Nacionalismo segue em alta: até quando?
Os principais objetivos da operação militar anunciados pela Rússia em 24 de fevereiro foram a “desmilitarização” e a “desnazificação” da Ucrânia. Neste sentido, o presidente russo aproveitou a data comemorativa da Segunda Guerra Mundial — ou a Grande Guerra Patriótica, como é chamada na Rússia — para estabelecer paralelos com a atual guerra na Ucrânia e ressaltar valores nacionalistas.
No entanto, diante da falta de êxitos militares concretos, fica a incógnita se o sentimento de patriotismo bastará para manter a aprovação das ações de Putin no país vizinho.
“Acho que tudo vai depender dos resultados. Se Putin conseguir cumprir alguns dos seus objetivos e conseguir dar sentido a eles em uma narrativa que trace esses paralelos entre a Grande Guerra Patriótica e a guerra que agora está sendo travada com a Ucrânia, quem sabe essa narrativa não se consagre, pelo menos enquanto o putinismo resistir na Rússia”, destaca Rodrigo Ianhez.
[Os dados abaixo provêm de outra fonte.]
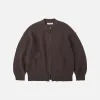 WOOL DECK ZIP UP CARDIGAN - CHOCO BROWN sold by FrizmWORKS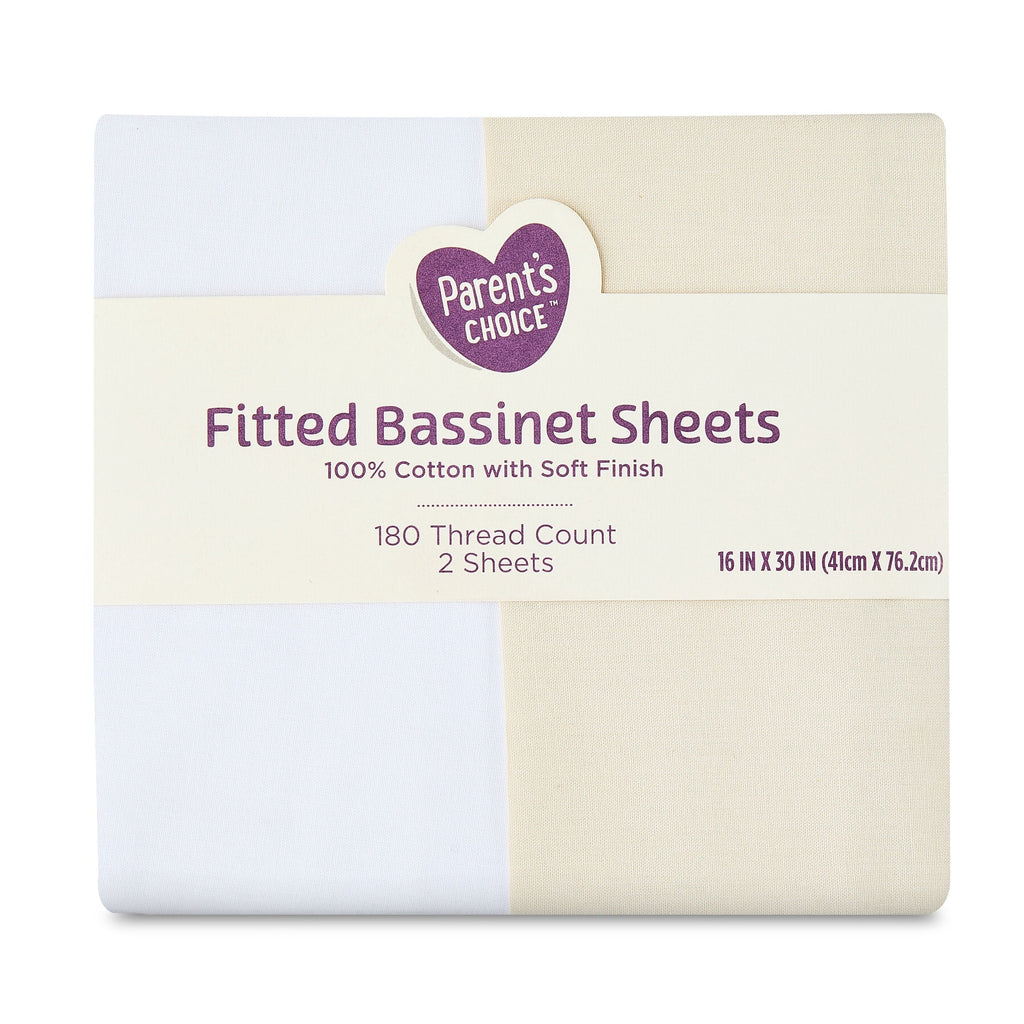 Ultra-Soft 180 Thread Count White and Birch Cotton Fitted Bassinet Sheets, 2 Pack - Luxury Bed Sheet Set with Deep Pockets Detail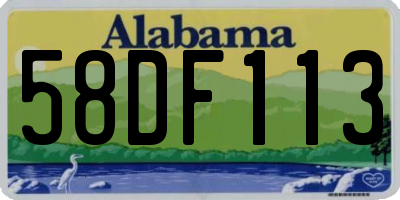AL license plate 58DF113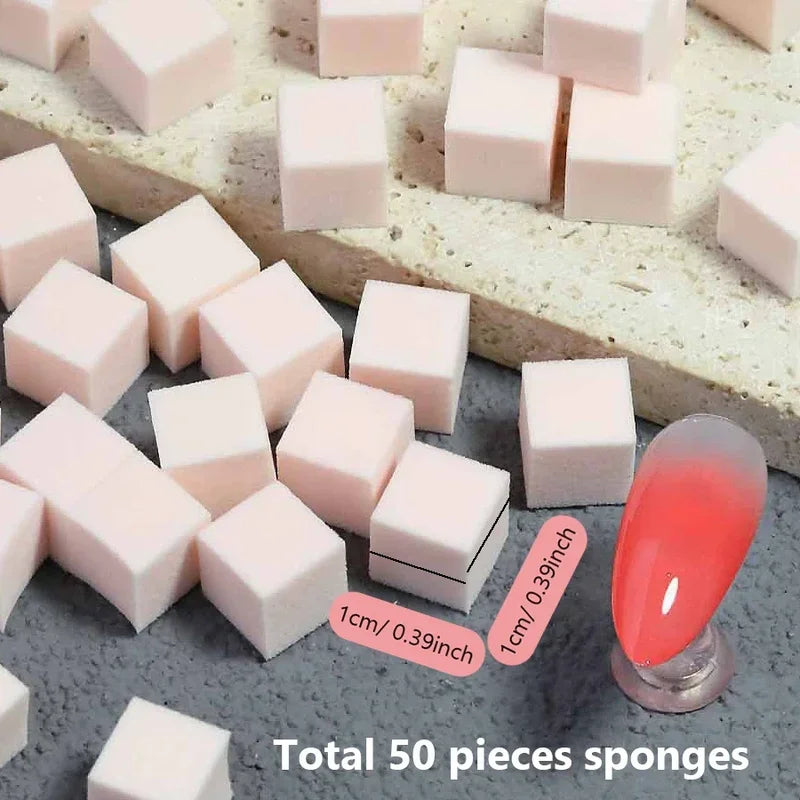 50Pcs Nail Art Sponge Set with Gradient and Grabber Tools for DIY Manicure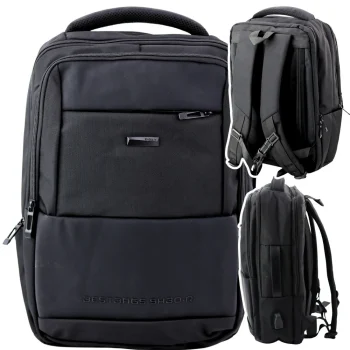Gradski Poslovni Ruksak S Usb Remenom Za Prsa, Crni, 26l 45cm 4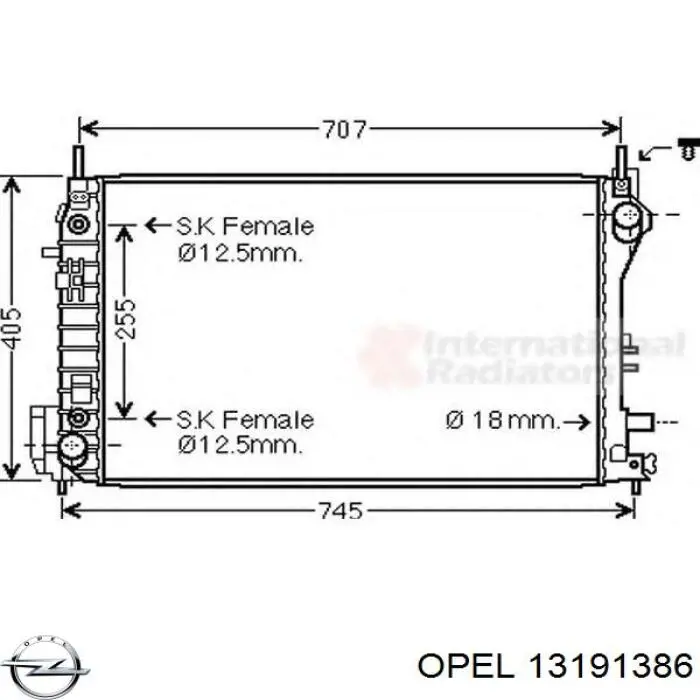 13191386 Opel radiador de esfriamento de motor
Por outro lado, o historiador afirma que o sentimento de nacionalismo que Putin resgatou no Dia da Vitória pode ser abalado “se essa guerra continuar se arrastando, as sanções continuarem sufocando a economia russa e a condição de vida das pessoas for afetada a um ponto que a popularidade de Putin também comece a ser impactada ”.